There was another problem. During the White House years, Mamie seldom saw Whitman, but at Palm Desert and Gettysburg, they were often together. The two women shared a single obsession, Dwight Eisenhower. He took both of them for granted, but they were competitors for his attention, or so it seemed to Mamie, who resented the way in which her husband relied on Whitman. “There was,” Cochran remembered, “a lot of dissension between Ann and Mamie.” At the end of that first winter in Palm Desert, Whitman went to work for the Republican Citizens, and after that idea died, she joined Rockefeller in New York, which made the general distinctly unhappy. Thereafter, he had little contact with the woman who had given so much of her life to serving him, a woman who had been indispensable when he was President. In 1968 he did write her a short, disapproving note: “I see that your Governor has added Emmet Hughes to his staff of advisers. I can scarcely think of anything that could be less helpful to the Governor, either in the campaign or if and when he became President.”37
• •
By the fall of 1963, conditions in South Vietnam, which had seemed so stable when Eisenhower left office, had deteriorated badly. A major insurgency was under way. Kennedy had committed nearly sixteen thousand American troops to the country, but political intrigue in Saigon continued and intensified. There was a military coup; one result was the assassination of Diem, the man who had generated such enthusiasm in Eisenhower back in 1954 and in the following years. There was speculation that the CIA was involved in the assassination. Eisenhower commented on the subject in a letter to Nixon. “I rather suspect the Diem affair will be shrouded in mystery for a long time to come,” he began. “No matter how much the Administration may have differed with him, I cannot believe any American would have approved the cold-blooded killing of a man who had, after all, shown great courage when he undertook the task some years ago of defeating Communist’s attempts to take over his country.”38
Within the month, there was another assassination, equally mysterious and far more shocking. On November 22, 1963, Eisenhower was in New York for a luncheon at the U.N. when he received the news of Kennedy’s death. (Back in April 1954, when Eisenhower was going to Lexington, Kentucky, for a speech, the Secret Service had asked him to change the route of his motorcade, because several Puerto Rican nationalists demanding independence had been seen in the city the previous day. Jim Hagerty wrote in his diary that Eisenhower took “a completely fatalistic viewpoint—‘If they’re going to shoot me, they’re going to shoot me—so what! There’s nothing you can do about it.’ ”39)

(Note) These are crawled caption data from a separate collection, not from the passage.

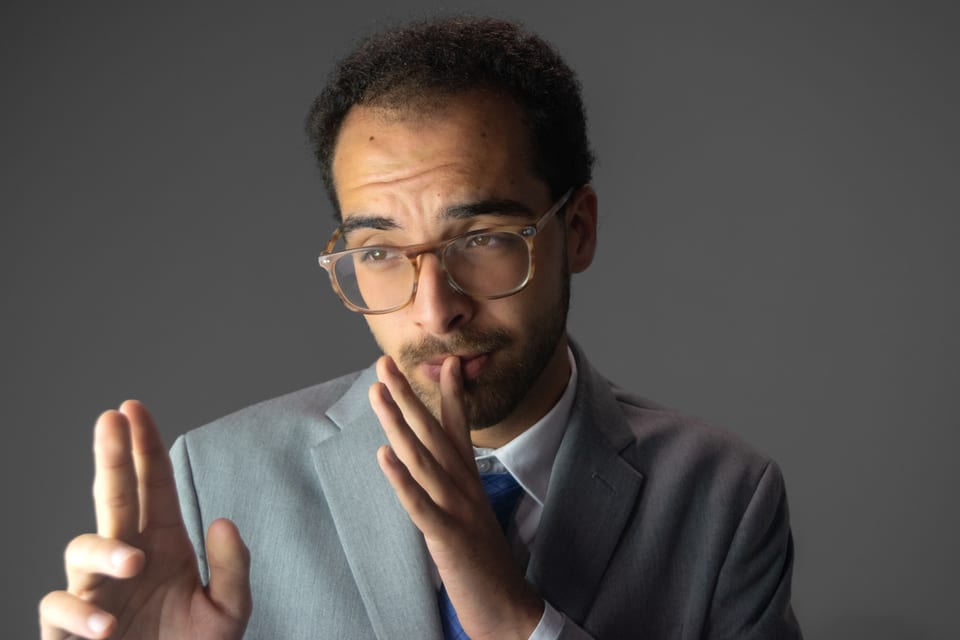 Man in tortoiseshell glasses and a grey suit, one hand at his lips and the other raised with two fingers out.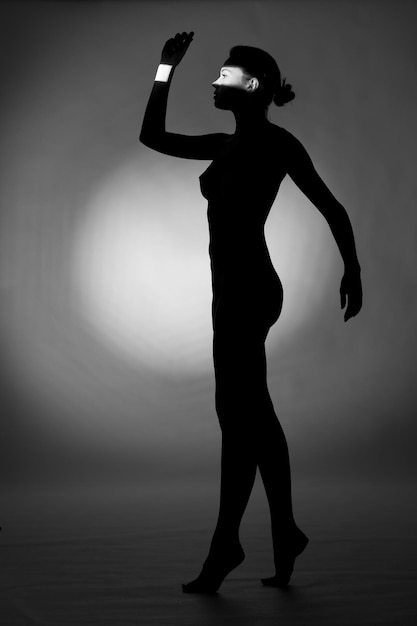 Side view of silhouette woman standing against gray background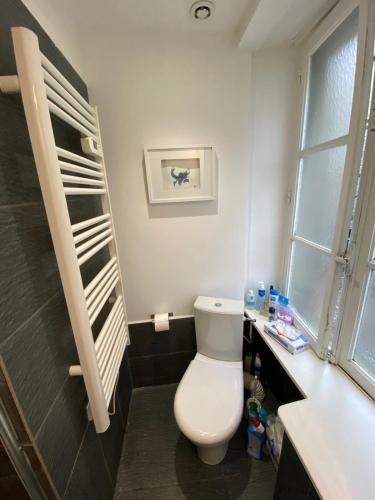 une salle de bain avec des toilettes blanches et un lavabo dans l'établissement La Mettrie, à Saint-Malo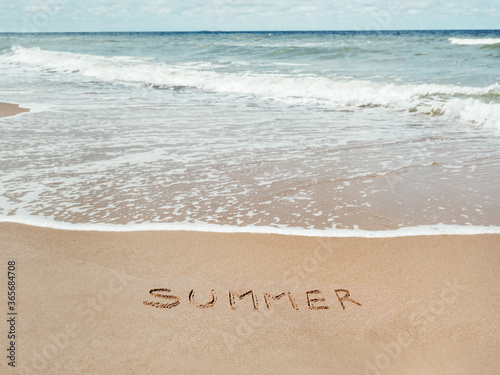 Sea coast with soft surf. Word SUMMER written on sandy beach. Summer vacation on seaside.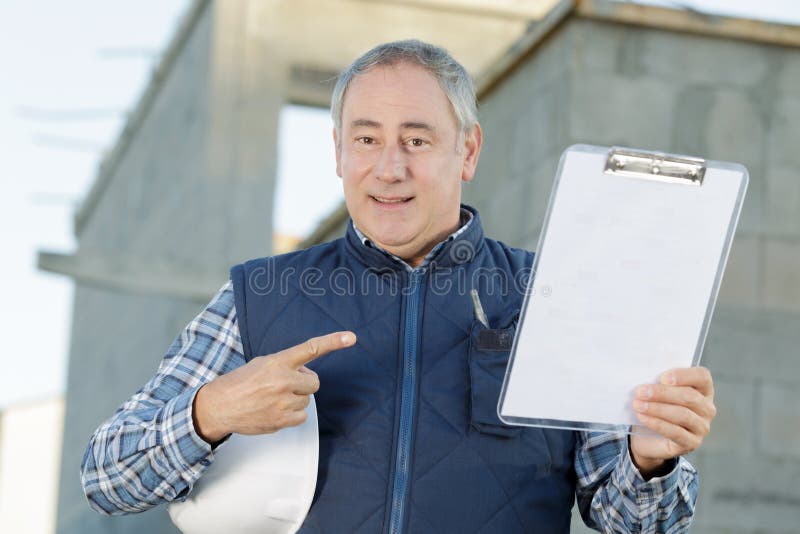 Ingeniero de alto rango sujetando el portapapeles y señalando fotografía de archivo libre de regalías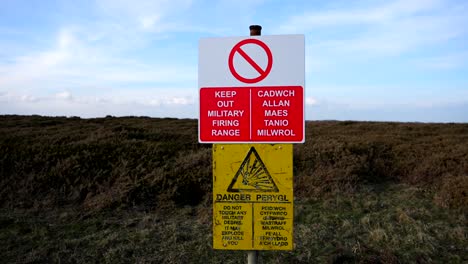 warning sign at military firing range in wales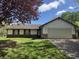 Charming single-story home with a well-maintained lawn and an attached two-car garage at 10569 Folsom Dr, Indianapolis, IN 46235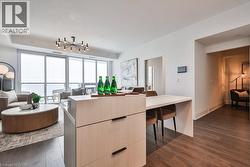 Kitchen featuring light brown cabinetry, modern cabinets, dark wood-style floors, open floor plan, and light countertops -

The following day, November 23, 1963, Eisenhower went to Washington to view Kennedy’s casket and to pay his respects to the widow. Then, at the request of the new President, he crossed the street and went to the Executive Office Building for a conference with Lyndon Johnson. Eisenhower promised Johnson his full support during the national emergency, urged Johnson to balance the budget, suggested that he speak to a joint session of Congress, and told him “to be his own man.”40 It was the beginning of an association between the new President and the former President that was to dominate much of the remainder of Eisenhower’s public life.